Some motorist insurance policies contain an exclusion of liability and uninsured coverage for members of an insured’s household or family. Where these exclusions are enforceable, they would prohibit, for example, a husband, who was a passenger in a car driven by his wife, from recovering benefits under her insurance policy for injuries he suffered in an auto accident that she caused. One reason given for denying insurance coverage for members of an insured’s household or family is a perceived difficulty of defending a lawsuit brought by an insured’s household or family member against the insured.
Whether household and family exclusions are valid and enforceable in a particular state depends upon the decisions of the state’s courts. Some courts have upheld the validity of these exclusions because they do not violate the state’s public policy or state insurance laws. Other states have ruled that the exclusions are invalid because they do violate public policy and insurance laws. Some states enforce the exclusions as to liability coverage but not uninsured coverage.
Even though a state court finds these exclusions valid, it might conclude that they do not apply to the parties in a particular case. The court must decide whether the injured person is a family or household member of the insured under the motorist insurance policy. In one case, a court would not expand the definition of the term household to include unrelated roommates. In another case, a court found that a college student, who was injured in an auto accident caused by her father, the insured, was not a resident of his household. The student had become a resident of the state in which she attended college and only returned to her father’s house for holidays.
Therefore, exclusions in a motorist insurance policy that deny coverage to members of an insured’s family or household may or may not be valid in a particular case. Further, several factors must be considered before an injured party may be found to be a member of an insured’s family or household.
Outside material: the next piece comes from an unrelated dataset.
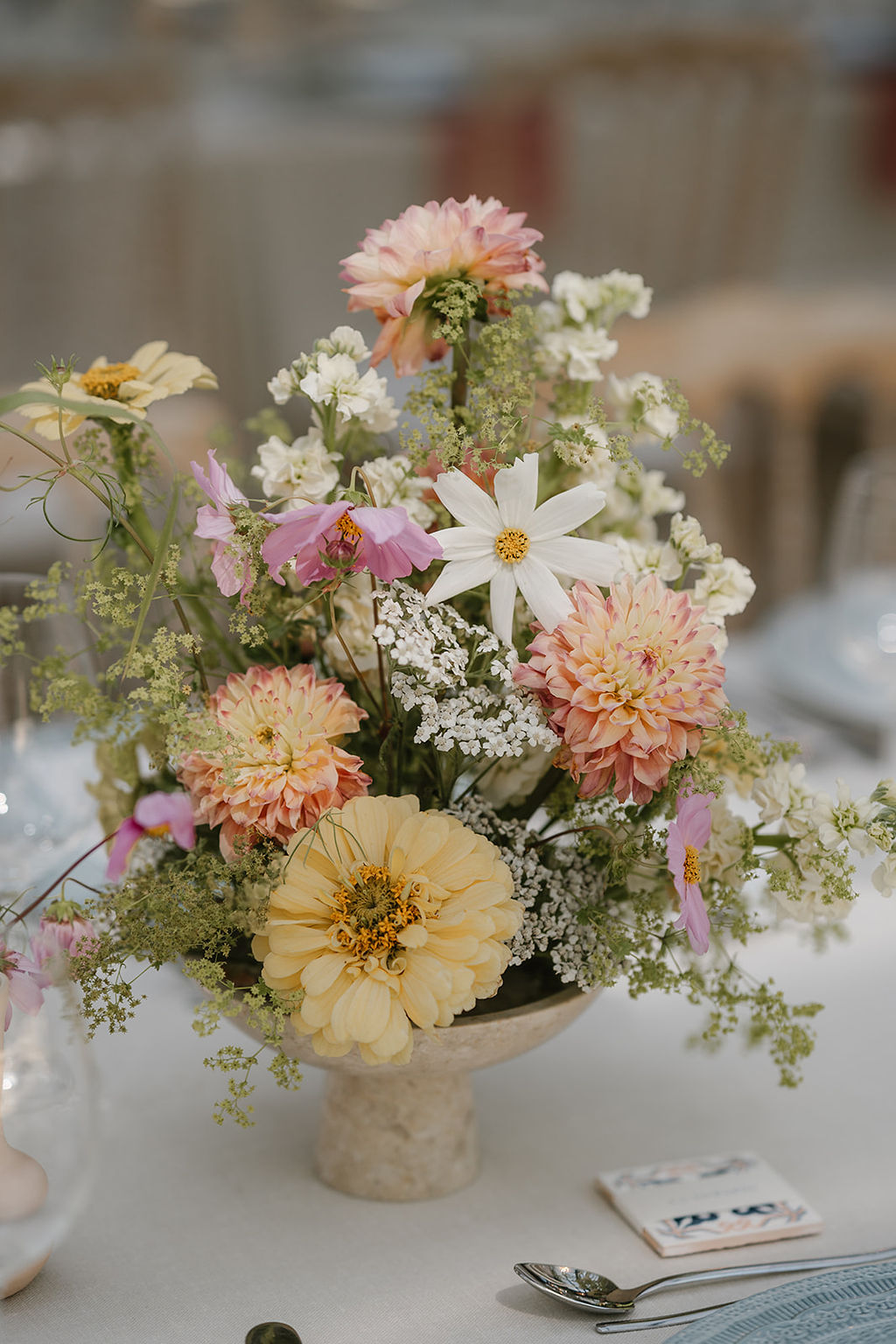 A floral arrangement in a small vase featuring yellow, pink, and white flowers with green foliage, placed on a white tablecloth.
It is best to check current case law before accepting that these exclusions in a motorist insurance policy bar an injured person’s recovery from the insured’s policy.
Some automobile insurance policies have clauses that specifically exclude the payment of punitive or exemplary damages against an insured. Punitive or exemplary damages do not pay for bodily injuries or property damage. They are awarded over and above payment for those items. Punitive or exemplary damages are intended to punish the person who caused the injuries or damage or to make that person an example to deter others from such conduct.
So long as the punitive or exemplary exclusion is not ambiguous and does not violate a state’s public policy or statutes, most courts will uphold the exclusion and enforce it. Most states agree that an insurer does not have to provide insurance coverage for an award of punitive or exemplary damages against an uninsured or underinsured person.
Several states have statutes that prohibit the punishment of intentional wrongdoers through punitive damage awards. In such states, insurance coverage for punitive or exemplary damages would not exist unless that coverage is specifically included in the insurance policy. Therefore, no punitive or exemplary damages exclusion is needed for the insurance companies in those states to avoid paying awards for punitive damages.
State laws regarding punitive or exemplary damage exclusions can vary in other ways. Some states do not permit an insurance company to provide insurance coverage for punitive damages awarded due to the acts or omissions of an insured’s employees or agents, if the insured did not know of those acts or omissions. Other states permit insurance coverage for punitive damages that arise out of a person’s death or injury due to an insured’s negligence.